Records shown:
==========

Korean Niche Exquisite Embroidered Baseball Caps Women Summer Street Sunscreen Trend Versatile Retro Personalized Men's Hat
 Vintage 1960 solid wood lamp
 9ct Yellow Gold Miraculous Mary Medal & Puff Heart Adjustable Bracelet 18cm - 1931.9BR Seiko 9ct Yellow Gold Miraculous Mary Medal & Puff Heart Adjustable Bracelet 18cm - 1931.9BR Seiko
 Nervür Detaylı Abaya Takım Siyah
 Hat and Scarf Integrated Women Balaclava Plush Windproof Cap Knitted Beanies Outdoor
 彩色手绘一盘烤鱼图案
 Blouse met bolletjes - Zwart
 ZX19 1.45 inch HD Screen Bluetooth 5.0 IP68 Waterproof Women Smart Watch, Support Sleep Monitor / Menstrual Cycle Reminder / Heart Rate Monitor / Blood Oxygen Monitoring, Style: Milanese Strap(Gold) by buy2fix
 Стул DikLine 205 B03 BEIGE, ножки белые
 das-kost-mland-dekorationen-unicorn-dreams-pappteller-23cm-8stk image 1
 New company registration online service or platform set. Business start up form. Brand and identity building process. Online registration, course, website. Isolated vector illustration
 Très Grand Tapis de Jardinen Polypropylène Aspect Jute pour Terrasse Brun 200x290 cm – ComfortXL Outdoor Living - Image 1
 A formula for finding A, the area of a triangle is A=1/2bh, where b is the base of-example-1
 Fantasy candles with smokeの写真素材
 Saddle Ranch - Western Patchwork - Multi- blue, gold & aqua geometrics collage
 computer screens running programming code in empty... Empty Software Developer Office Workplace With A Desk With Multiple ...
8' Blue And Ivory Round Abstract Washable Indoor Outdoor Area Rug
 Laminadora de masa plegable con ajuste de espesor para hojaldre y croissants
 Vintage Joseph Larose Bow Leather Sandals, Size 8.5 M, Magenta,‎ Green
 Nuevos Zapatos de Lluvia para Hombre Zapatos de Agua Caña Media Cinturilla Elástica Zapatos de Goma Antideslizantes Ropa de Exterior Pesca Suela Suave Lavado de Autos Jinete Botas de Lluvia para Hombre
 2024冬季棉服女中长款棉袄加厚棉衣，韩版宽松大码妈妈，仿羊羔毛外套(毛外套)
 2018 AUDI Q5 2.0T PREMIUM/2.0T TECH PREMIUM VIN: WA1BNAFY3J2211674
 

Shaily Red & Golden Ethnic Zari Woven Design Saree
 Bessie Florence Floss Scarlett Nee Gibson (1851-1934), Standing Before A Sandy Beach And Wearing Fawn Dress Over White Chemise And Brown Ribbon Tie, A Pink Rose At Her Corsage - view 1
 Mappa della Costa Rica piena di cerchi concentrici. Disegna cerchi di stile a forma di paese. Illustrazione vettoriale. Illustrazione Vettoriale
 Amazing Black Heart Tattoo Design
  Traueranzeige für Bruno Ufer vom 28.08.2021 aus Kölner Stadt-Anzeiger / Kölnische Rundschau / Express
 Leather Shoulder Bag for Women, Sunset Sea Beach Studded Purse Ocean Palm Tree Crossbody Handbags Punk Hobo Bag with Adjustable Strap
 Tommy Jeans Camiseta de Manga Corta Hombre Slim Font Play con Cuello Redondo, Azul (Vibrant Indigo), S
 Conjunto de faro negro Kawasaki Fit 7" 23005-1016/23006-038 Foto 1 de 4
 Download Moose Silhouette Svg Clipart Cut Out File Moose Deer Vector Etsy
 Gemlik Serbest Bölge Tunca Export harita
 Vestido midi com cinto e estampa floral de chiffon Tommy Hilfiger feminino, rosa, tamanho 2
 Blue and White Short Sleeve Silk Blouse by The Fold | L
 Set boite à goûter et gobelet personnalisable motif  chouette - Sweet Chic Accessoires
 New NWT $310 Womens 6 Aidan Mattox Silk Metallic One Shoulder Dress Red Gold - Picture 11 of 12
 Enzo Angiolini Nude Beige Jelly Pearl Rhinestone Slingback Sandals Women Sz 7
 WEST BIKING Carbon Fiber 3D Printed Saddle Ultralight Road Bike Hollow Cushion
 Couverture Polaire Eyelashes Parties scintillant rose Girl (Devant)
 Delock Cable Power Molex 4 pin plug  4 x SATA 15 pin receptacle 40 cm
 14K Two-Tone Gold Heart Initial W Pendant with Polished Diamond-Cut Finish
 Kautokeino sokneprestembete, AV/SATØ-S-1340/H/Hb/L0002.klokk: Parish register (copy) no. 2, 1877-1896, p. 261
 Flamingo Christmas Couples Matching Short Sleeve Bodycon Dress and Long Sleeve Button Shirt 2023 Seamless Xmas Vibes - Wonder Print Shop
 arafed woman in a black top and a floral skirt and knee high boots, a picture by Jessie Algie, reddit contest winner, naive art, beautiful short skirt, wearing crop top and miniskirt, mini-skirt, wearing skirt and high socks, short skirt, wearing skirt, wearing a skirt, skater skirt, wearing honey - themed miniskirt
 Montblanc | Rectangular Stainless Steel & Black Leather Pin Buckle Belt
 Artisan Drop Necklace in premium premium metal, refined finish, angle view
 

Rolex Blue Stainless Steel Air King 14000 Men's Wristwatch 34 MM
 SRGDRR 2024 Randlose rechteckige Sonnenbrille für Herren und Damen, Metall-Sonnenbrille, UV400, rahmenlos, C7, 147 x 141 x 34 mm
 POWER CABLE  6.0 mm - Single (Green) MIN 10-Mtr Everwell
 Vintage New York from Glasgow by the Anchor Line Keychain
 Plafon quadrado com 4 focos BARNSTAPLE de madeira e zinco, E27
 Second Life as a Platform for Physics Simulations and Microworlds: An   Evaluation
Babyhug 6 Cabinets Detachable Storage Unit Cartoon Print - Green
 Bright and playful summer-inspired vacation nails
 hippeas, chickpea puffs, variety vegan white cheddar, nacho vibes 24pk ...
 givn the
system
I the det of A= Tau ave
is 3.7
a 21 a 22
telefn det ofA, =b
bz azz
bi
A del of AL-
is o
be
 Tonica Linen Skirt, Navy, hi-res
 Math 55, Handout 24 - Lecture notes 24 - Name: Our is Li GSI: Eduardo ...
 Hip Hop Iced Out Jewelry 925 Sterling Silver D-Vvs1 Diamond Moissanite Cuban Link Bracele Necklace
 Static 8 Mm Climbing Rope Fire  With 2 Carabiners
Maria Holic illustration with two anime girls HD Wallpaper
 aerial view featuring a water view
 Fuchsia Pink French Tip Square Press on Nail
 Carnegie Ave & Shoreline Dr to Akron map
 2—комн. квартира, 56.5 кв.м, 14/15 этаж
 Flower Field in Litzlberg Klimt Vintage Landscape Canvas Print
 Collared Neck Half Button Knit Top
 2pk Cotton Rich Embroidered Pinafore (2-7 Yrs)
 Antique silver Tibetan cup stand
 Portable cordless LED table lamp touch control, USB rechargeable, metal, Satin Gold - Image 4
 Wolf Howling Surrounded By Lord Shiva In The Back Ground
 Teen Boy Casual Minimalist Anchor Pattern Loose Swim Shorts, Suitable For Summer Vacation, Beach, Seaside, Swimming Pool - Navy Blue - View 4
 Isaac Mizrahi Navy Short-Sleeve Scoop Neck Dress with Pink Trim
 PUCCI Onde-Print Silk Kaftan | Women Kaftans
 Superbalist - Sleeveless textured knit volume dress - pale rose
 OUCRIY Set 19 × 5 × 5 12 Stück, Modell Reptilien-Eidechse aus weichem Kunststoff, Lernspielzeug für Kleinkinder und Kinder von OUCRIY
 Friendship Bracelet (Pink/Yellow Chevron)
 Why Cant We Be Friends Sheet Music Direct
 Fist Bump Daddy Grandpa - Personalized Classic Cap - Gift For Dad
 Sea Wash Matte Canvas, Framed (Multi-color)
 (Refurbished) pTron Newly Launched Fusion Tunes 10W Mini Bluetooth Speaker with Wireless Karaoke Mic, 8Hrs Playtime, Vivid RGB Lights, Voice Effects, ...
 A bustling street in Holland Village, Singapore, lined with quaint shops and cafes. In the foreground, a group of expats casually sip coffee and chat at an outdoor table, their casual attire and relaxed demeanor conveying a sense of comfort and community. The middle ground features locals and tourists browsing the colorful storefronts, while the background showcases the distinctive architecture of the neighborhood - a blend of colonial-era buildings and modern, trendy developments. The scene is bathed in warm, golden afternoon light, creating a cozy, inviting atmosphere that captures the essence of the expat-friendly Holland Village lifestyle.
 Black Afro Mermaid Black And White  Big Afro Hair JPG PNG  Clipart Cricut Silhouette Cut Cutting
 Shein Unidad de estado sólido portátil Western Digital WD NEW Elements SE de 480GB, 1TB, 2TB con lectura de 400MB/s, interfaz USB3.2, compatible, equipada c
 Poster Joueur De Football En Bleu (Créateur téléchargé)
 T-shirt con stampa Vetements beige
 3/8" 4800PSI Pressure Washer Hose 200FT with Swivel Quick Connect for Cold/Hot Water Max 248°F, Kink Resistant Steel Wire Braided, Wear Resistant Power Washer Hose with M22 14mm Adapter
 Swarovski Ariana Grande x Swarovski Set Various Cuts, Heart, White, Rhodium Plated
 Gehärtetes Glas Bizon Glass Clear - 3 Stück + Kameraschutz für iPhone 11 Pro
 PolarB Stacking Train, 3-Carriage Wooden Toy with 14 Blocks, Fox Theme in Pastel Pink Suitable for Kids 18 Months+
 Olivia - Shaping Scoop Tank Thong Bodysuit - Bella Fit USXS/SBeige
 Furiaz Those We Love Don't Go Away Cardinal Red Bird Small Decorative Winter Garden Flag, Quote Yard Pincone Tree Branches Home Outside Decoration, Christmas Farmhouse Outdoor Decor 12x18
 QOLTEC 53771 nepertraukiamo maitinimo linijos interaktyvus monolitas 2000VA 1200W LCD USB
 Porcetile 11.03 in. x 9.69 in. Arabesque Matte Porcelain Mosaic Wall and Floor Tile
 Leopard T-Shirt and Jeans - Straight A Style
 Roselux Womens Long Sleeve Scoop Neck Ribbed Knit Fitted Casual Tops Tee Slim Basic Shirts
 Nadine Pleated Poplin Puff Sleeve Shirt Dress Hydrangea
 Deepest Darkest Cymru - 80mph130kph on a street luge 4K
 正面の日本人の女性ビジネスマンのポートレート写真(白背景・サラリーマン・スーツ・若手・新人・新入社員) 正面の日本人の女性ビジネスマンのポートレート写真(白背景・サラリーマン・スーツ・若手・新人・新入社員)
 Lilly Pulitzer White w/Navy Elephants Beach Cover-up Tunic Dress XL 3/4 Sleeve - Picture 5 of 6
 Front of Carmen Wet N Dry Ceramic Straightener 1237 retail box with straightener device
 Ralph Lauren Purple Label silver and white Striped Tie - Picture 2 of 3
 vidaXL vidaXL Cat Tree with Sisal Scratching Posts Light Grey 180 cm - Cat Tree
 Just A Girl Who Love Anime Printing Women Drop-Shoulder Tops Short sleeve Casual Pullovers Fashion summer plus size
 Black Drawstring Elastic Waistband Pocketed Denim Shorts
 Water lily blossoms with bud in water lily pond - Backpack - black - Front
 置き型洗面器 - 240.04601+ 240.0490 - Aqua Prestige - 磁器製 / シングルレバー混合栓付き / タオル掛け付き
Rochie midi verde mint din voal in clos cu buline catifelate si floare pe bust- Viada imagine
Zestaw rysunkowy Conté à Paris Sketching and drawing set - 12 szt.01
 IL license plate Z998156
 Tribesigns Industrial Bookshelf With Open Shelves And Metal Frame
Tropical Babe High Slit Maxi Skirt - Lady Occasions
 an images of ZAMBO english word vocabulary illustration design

==========

Work to be completed:
Starting at the line that contains "Superbalist - Sleeveless" and stopping after the line that contains "Black Afro Mermaid", write out every line exactly as it appears above, and no other line.

Finished exercise:
 Superbalist - Sleeveless textured knit volume dress - pale rose
 OUCRIY Set 19 × 5 × 5 12 Stück, Modell Reptilien-Eidechse aus weichem Kunststoff, Lernspielzeug für Kleinkinder und Kinder von OUCRIY
 Friendship Bracelet (Pink/Yellow Chevron)
 Why Cant We Be Friends Sheet Music Direct
 Fist Bump Daddy Grandpa - Personalized Classic Cap - Gift For Dad
 Sea Wash Matte Canvas, Framed (Multi-color)
 (Refurbished) pTron Newly Launched Fusion Tunes 10W Mini Bluetooth Speaker with Wireless Karaoke Mic, 8Hrs Playtime, Vivid RGB Lights, Voice Effects, ...
 A bustling street in Holland Village, Singapore, lined with quaint shops and cafes. In the foreground, a group of expats casually sip coffee and chat at an outdoor table, their casual attire and relaxed demeanor conveying a sense of comfort and community. The middle ground features locals and tourists browsing the colorful storefronts, while the background showcases the distinctive architecture of the neighborhood - a blend of colonial-era buildings and modern, trendy developments. The scene is bathed in warm, golden afternoon light, creating a cozy, inviting atmosphere that captures the essence of the expat-friendly Holland Village lifestyle.
 Black Afro Mermaid Black And White  Big Afro Hair JPG PNG  Clipart Cricut Silhouette Cut Cutting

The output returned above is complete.